#### YOUR INSTRUCTIONS
Find, in the records below, the line that contains "Brooklyn Bounce - The Beginning FLAC album" and the line that contains "Antique Wallpaper". Copy those two lines and everything between them exactly, but not the pictures.

#### SOURCE INFORMATION
----
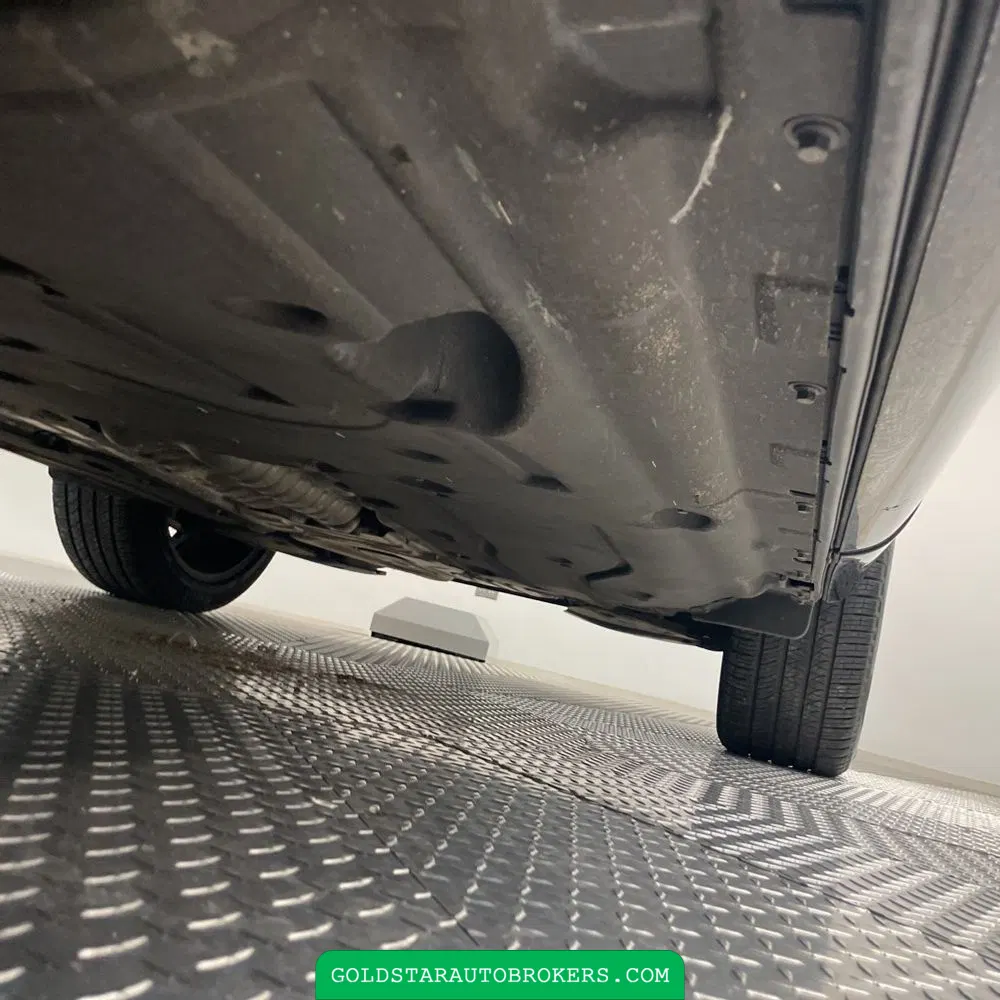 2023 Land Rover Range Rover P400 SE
----
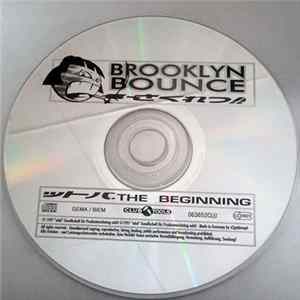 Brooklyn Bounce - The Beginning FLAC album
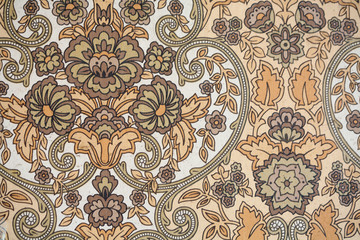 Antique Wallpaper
----
#### OUTPUT BELOW
 Brooklyn Bounce - The Beginning FLAC album
 Antique Wallpaper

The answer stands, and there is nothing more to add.